# does it have to be classical ?



## johnfkingmatrix (Nov 16, 2016)

i dont know who else to ask for critique 

i might be getting a car and i figured maybe using my classical skills to write modern stuff may be a good way to get girls/money, i can play my cd in the car etc. i tried to make the music " sexy " think x rated movie crossed with national geographic

whenever i compose i get like 1:30 into it and dont know what to do, i guess it comes down to " how do i write a chorus / verse / break " call it what you want, but like vivaldi does in the four seasons. do i just yank on the ebreak and pull a 180 with the song and stick some tempo change in, i think i have a fugual tendancy to just flow from one idea to the next.

What do you suggest doing to mix it up and make an idea a song?

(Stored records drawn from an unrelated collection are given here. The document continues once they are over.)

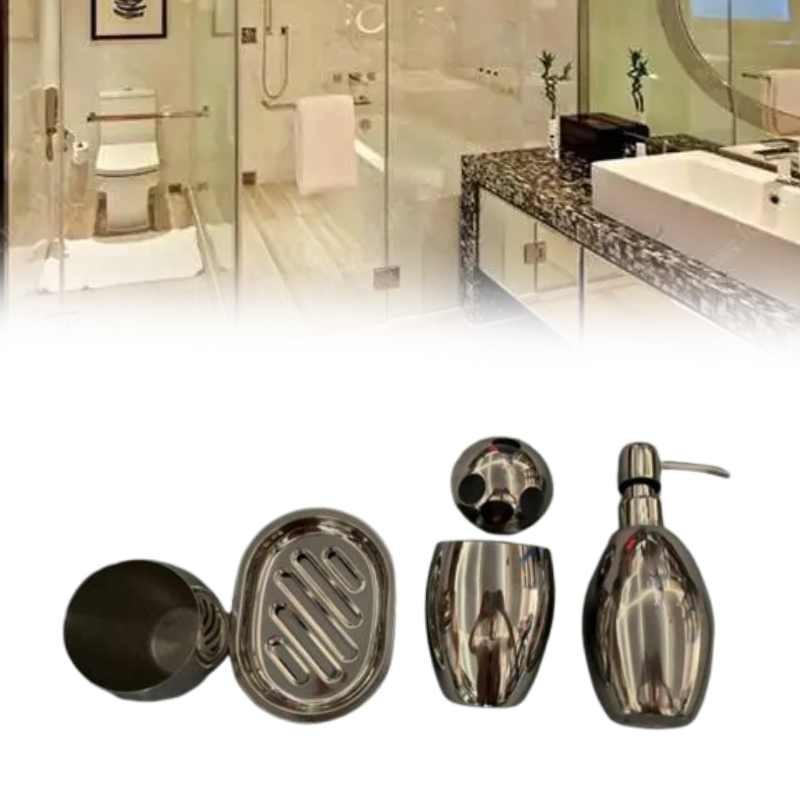 Stainless Steel Bathroom Set Storage Lotion Bottle Washbasin Cup Tool Durable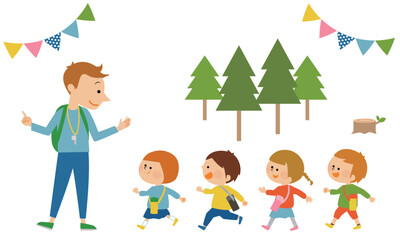 遠足に行く先生と子供たちのイラスト素材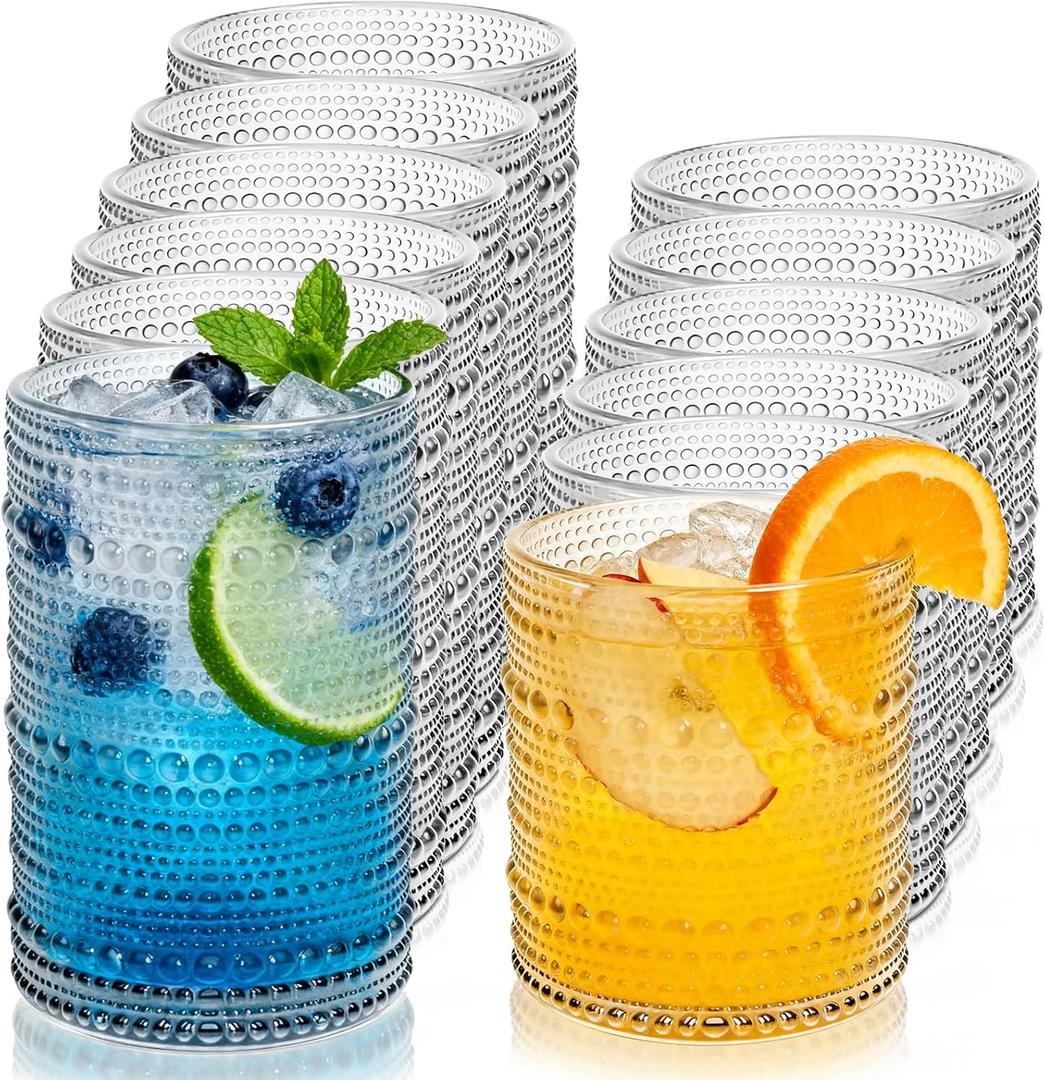 Vintage Hobnail Drinking Glasses Set of 12, 12 Oz Highball Glasses and 10 Oz Cocktail Glasses, Kitchen Glassware Set, Clear Drinking Glass Cups for Cocktail, Whiskey, Beer, Juice, Water, Milk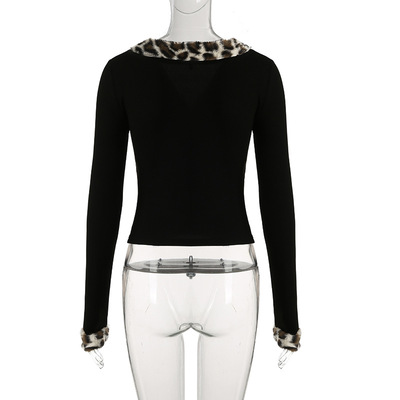 Leopard print fur collar spliced ​​hottie top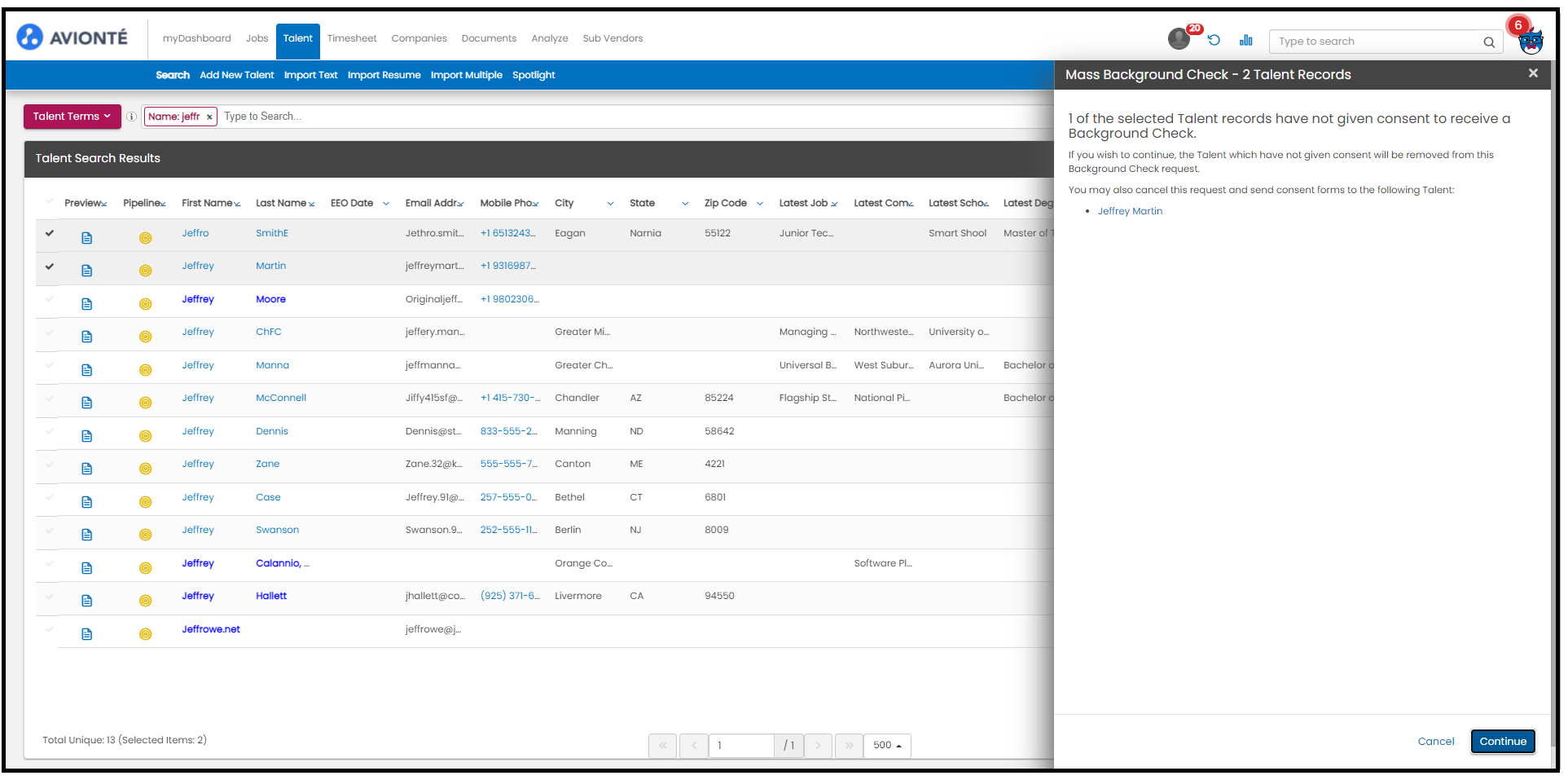 Consent validation check on Talent Screening page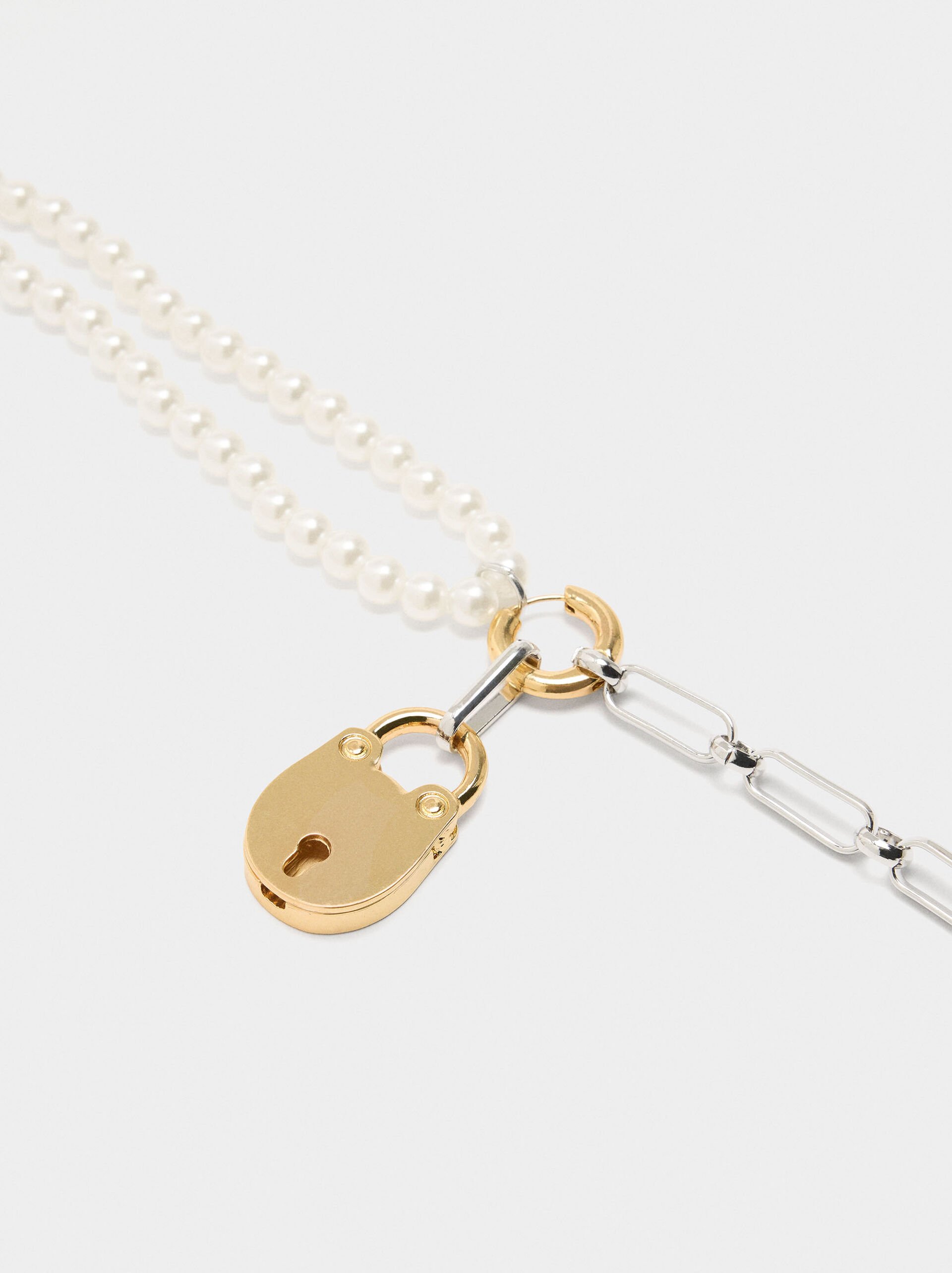 Necklace of links with pearl pendant and padlock image number 1.0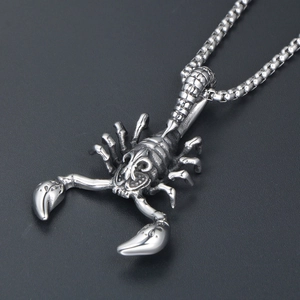 Punk style titanium steel scorpion pendant necklace with beaded chain for men and women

ps. make sure to listen with good speakers or headphones
thanks a ton guys, hopefully posting here is ok


----------



## dzc4627 (Apr 23, 2015)

A storm has come to the Today's Composers forum on Talk Classical, and his name is "Johnfkingmatrix."


----------



## Pugg (Aug 8, 2014)

Are you making those sounds with your mouth?


----------



## johnfkingmatrix (Nov 16, 2016)

dzc4627 said:


> A storm has come to the Today's Composers forum on Talk Classical, and his name is "Johnfkingmatrix."


thanks guys !

no not with my mouth, a program lol. any suggestions on song structure?
oh you mean the growling noises? i actually sampled from some of my moms DVDs and turned it into a midi file


----------



## Phil loves classical (Feb 8, 2017)

Liked Here comes Megabear. Sounds a bit like New Order. With dance music like that there is no need to critique. It's catchy, and funky, which is all it needs to be . Just do whatever the execs say, not like they really know any better.


----------



## Captainnumber36 (Jan 19, 2017)

It's good, but I felt the intro was a little long on the first one.


----------



## brianvds (May 1, 2013)

johnfkingmatrix said:


> i dont know who else to ask for critique
> 
> i might be getting a car and i figured maybe using my classical skills to write modern stuff may be a good way to get girls/money, i can play my cd in the car etc. i tried to make the music " sexy " think x rated movie crossed with national geographic


Well, classical it ain't, but I think you're going to need to spray on some girl repellent, or you'll get completely swamped.


----------



## Captainnumber36 (Jan 19, 2017)

brianvds said:


> Well, classical it ain't, but I think you're going to need to spray on some girl repellent, or you'll get completely swamped.


:lol: haha :lol:


----------



## JeffD (May 8, 2017)

johnfkingmatrix said:


> whenever i compose i get like 1:30 into it and dont know what to do,...What do you suggest doing to mix it up and make an idea a song?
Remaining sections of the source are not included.